Face à un Benjamin Biolay toujours relativement effarouché dans ces circonstances mondaines ou officielles, la ministre a salué avec un large sourire un "enfant prodige et terrible de la chanson française" au moment de le faire officier dans l'ordre des Arts et des Lettres lors d'une réception au ministère. Intimidé par les honneurs et comme exposé à nu quand il n'est pas assis au piano, Biolay a écouté le portrait bref mais enflammé qu'Aurélie Filippetti a brossé de son art : "Vif, ténébreux, tourmenté, tel qu'on aime à vous décrire, vous êtes surtout pour moi cet artiste qui manie 'l'art si difficile d'être sincère sans ridicule' pour le dire comme Baudelaire. (...) Loin de la dérision et de l'ironie de bon ton, vous délivrez une vérité parfois rugueuse, acerbe, cinglante, qui souvent trouble et dérange, mais qui va droit au coeur." Des paroles de fan que le héros du jour et de la nation, fait chevalier du même ordre en 2004 et élevé au rang d'officier en 2010, a récompensées d'une chanson en live, s'installant au piano dans les salons de la rue de Valois.
Benjamin Biolay, qui prépare la sortie le 5 novembre prochain de son nouvel album, Vengeance, émaillé de duos alléchants (avec Vanessa Paradis, Oxmo Puccino, Orelsan, Carl Barât, Julia Stone...), était bien entouré lors de cette cérémonie. Au cours de la même session, Serge Toubiana, directeur de la Cinémathèque, a été fait commandeur des Arts et Lettres, en présence du cinéaste Costa-Gavras, président de l'institution dévolue au septième art. Cette fois, la ministre n'a pas paraphrasé Baudelaire mais Alain Resnais pour faire l'éloge de rigueur.

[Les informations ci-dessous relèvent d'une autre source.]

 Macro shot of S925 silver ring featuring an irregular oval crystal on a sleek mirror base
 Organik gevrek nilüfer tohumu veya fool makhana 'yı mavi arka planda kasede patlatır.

Le couturier Valentino, "maître incontesté de la haute couture italienne", a lui aussi été élevé au grade de commandeur dans l'ordre des Arts et Lettres. Aurélie Filippetti a pris un plaisir évident à "rappeler les débuts à Paris du couturier, jeune lauréat du concours du Secrétariat de la laine, élève de l'école de la Chambre syndicale de la couture et assistant dès 1952 de la maison Jean Dessès, avant de rejoindre Guy Laroche cinq ans plus tard" et de fonder sa propre maison de couture en 1959 à Rome, comme rapporté par l'AFP. Agé de 80 ans et retiré du monde de la mode depuis 2007, Valentino Gavarani a eu droit lui aussi à son concert de louanges : "Ambassadeur incontesté de l'élégance à l'italienne, prodige de la forme et coloriste consacré, vous avez su marier modernité, classicisme et romanticisme comme peu d'autres avant vous, déployant ce rouge inimitable, le 'rouge Valentino', vif, ardent et flamboyant, en étendard de votre dextérité."